By: rwessel (rwessel.delete@this.yahoo.com), August 25, 2022 11:00 am
Room: Moderated Discussions
Linus Torvalds (torvalds.delete@this.linux-foundation.org) on August 25, 2022 10:16 am wrote:
> rwessel (rwessel.delete@this.yahoo.com) on August 25, 2022 8:16 am wrote:
> >
> > I'm not sure I understand this concern. The transaction appears (eventually) to all other cores
> > as a single atomic event. In practice another transaction (or a non-transactional access) can interfere,
> > and prevent completion, but they can't cause a deadlock.
>
> Sure, they can cause a deadlock (or more commonly it's really
> a livelock) if you do a simplistic implementation.
>
> In fact, you can very much get that livelock even with just a single cacheline with 'LL/SC', if
> your cache coherency isn't properly designed, so that the 'SC' always fails because other CPU's
> doing their own LL/SC loops always steal the cacheline back before the SC has succeeded.
>
> And no, that's not some theoretical worry. We literally saw a few of the (not great) early ARM
> server core designs with CPU starvation in LL/SC loops when we had atomics share cachelines with
> some very hot other data where lots of other CPU's would hammer on it with regular stores.
>
> Imagine having the NMI watchdog fire and the machine reboot because LL/SC doesn't make sufficient progress
> because others can saturate your cache coherency traffic in user space, and the chip was designed to
> be some flock-of-chickens thing with lots of cores but not the infrastructure to match?
>
> And that's with just a single cacheline needed to complete.
>
> When you have a transaction with multiple cachelines, you can have CPU1 want to load cachelines
> exclusively in order A->B, and another one want to load them in order B->A.
>
> Yes, both CPU's do that in order to expose one atomic sequence, so the ordering
> isn't visible from the end result, but in order to get that atomic sequence
> both CPU's want both cachelines to be exclusively in their caches.
>
> And if the cache protocol isn't well enough designed, they will either get into a deadlock where on
> CPU has one cacheline and wants the other, and the other CPU has that second cacheline but wants the
> first. And neither wants to release it because they need it for the transaction to complete.
>
> More commonly, you don't get a deadlock, but you get the above kind of livelock, where both CPU's
> hold on to the cacheline they have for a while, but then abort and retry - and re-create the
> same issue. Possibly forever, or possibly just for a long time until some other action ends up
> perturbing the timing enough that one CPU finally gets both, and they get to continue.
>
> And before you say it, yes, the solution is trivial.
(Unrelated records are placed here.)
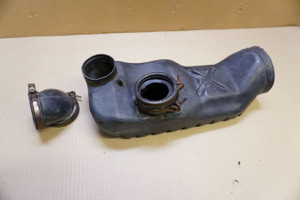 Airbox intake - Εισαγωγη φιλτροκουτιου XRV750 RD04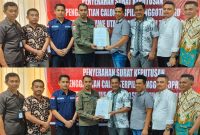 Ketua DPC Partai Bulan Bintang (PBB) Konawe Utara, Herman Sewani, SH, bersama Kader PBB Konut, Abdul Halim Alkaf menyerahkan berkas pengunduran diri H. Ikbar ke KPU Konut. Jum'at, (16/08/2024).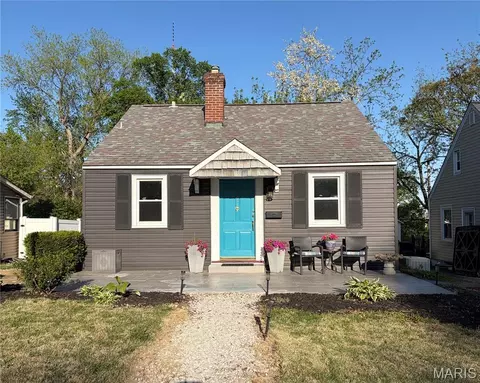 2642 Salem Rd, Brentwood, MO 63144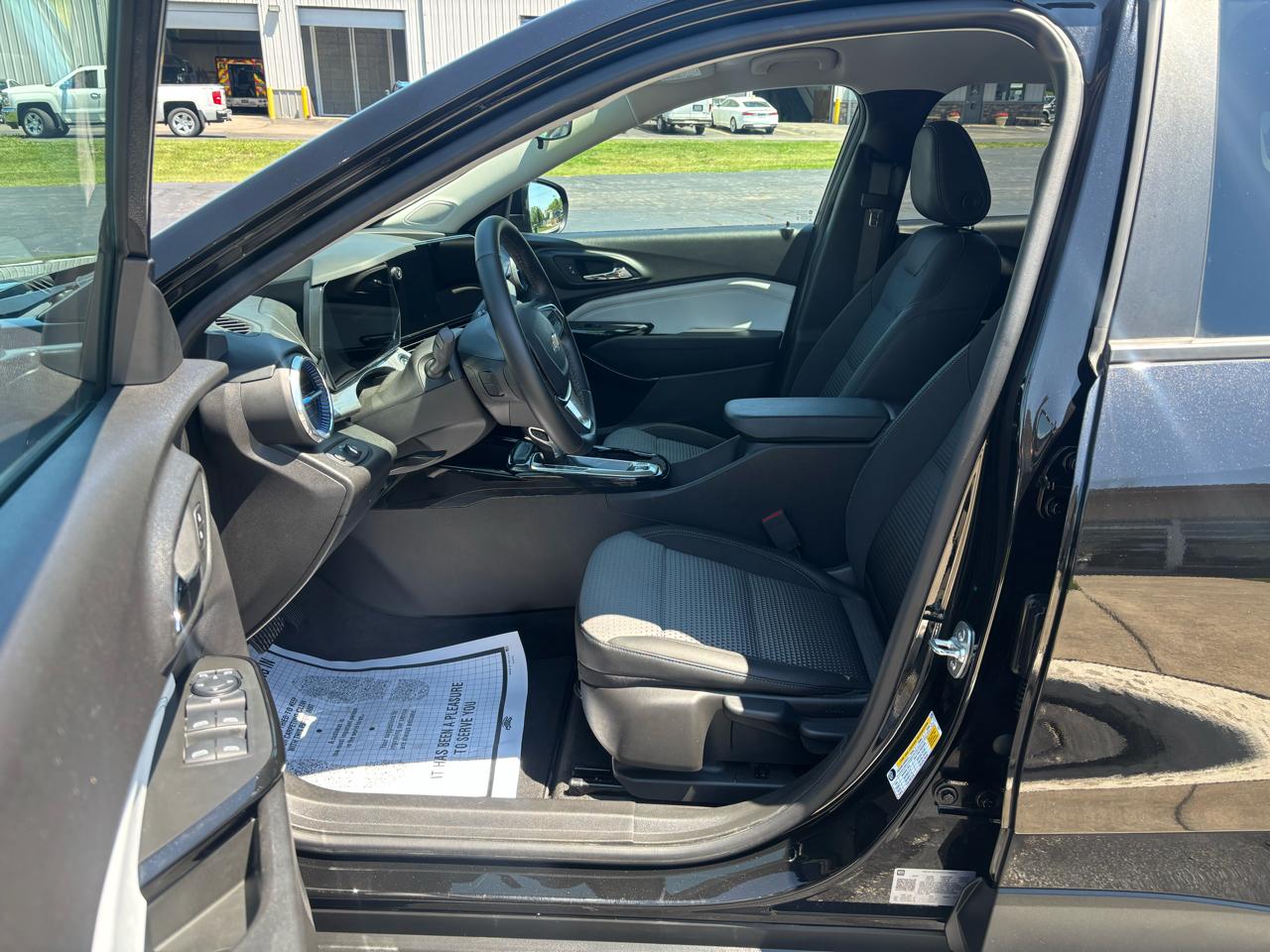 Chevrolet Trax FWD 4dr LT 2025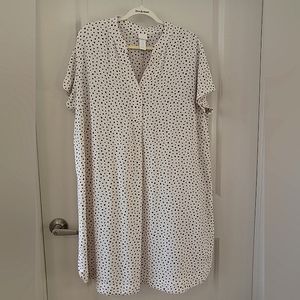 H&M Wing Dress Smooth and Comfy Fabric
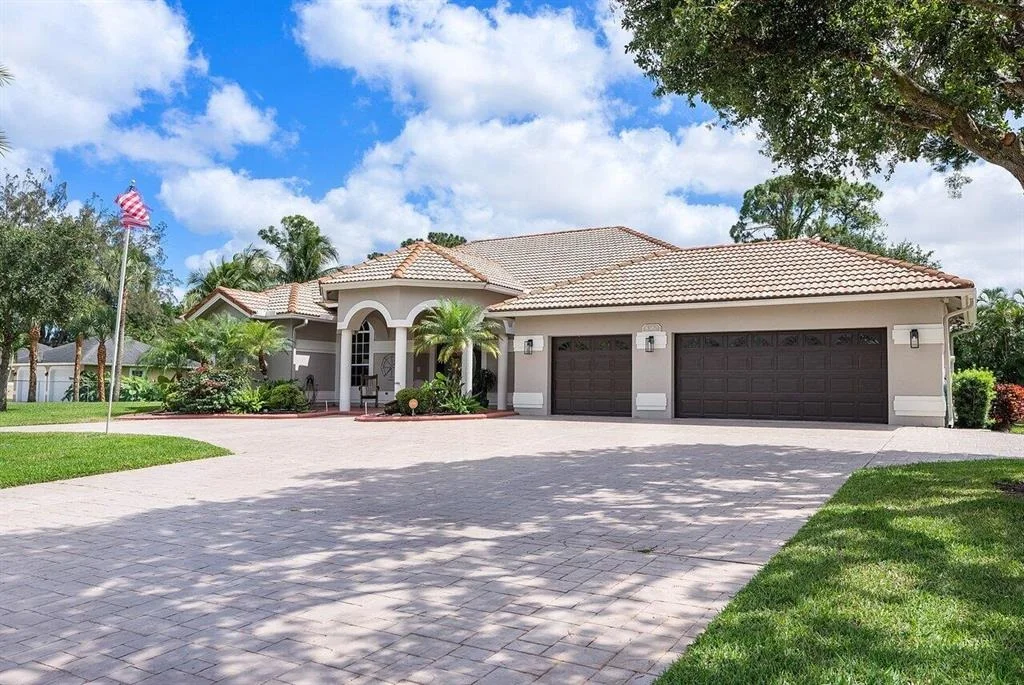 Photo of 8360 Arrowhead Drive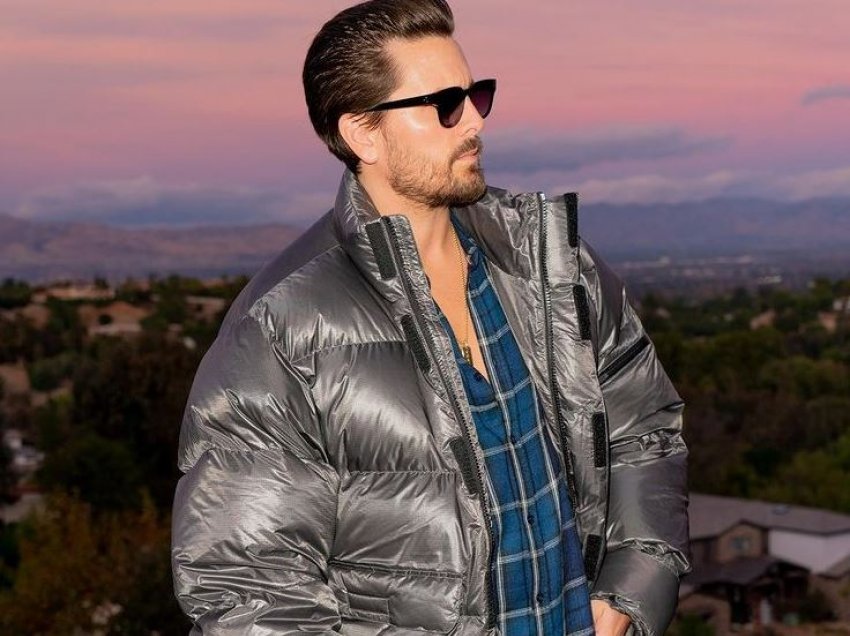 “Të dua”- Po shijon romancën me vajzën 18 vite më të re, por Scott Disick i bën këtë dedikim të papritur ish-bashkëshortes së tij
With only a small set of cachelines, just
> ordering them by some shared ordering (typically physical address, but it could be anything else)
> will fix it. And sorting things really is simple when "things" is just a couple of elements.
>
> Of course, even that "trivial" thing is them complicated by the fact that it affects almost the whole
> memory pipeline - the atomic sequence itself will be handled by the core in the L1 cache, but now that
> it requires ordering on the bus you need to really have the logic permeate all the way out...
>
> And considering that people have gotten cache coherency wrong even when N is just one, it's most
> certainly understandable that people would worry about this. And that memory pipeline is most definitely
> the thing most people worry most about even in the absence of any of these kinds of issues.
>
> Side note: you can most definitely get the same kinds of things with a single memory access:
> x86 allows atomic locked instructions that cross cache line - or even page - boundaries, and
> their CPU designers hate the complexity just that causes (Intel calls it "split locks").
>
> It gets even worse when one (or both) of those sides is not regular RAM and doesn't
> even have a cacheline, so the whole "keep cacheline around" approach to make
> it look atomic even if it wasn't really atomic internally doesn't work.
>
> Intel historically solve that with a single global "lock pin", and it's horrendous from a performance and scalability
> issue). And while I'm sure it is solvable other ways, Intel actually is trying to make locked cacheline crossers
> fault so that you can find software that does this (hopefully unintentionally) and just fix it.
>
> The good news is that people used to have so many problems with subtle cache consistency bugs
> that these days I think all CPU designers will basically use automated proofs of correctness
> for the cache protocol. Then you still rely on your cache consistency model that you proved
> to be correct actually matching what the hardware does, but hey, that's a different issue.


My point was that there's nothing inherent in the concept of a transaction that's guaranteed to succeed* eventually that requires the possibility of a dead (or live) lock. You can't make the guarantee for a single execution of the transaction, it may require a series of aborts and retries, during which some extreme coping mechanisms may need to be brought into play.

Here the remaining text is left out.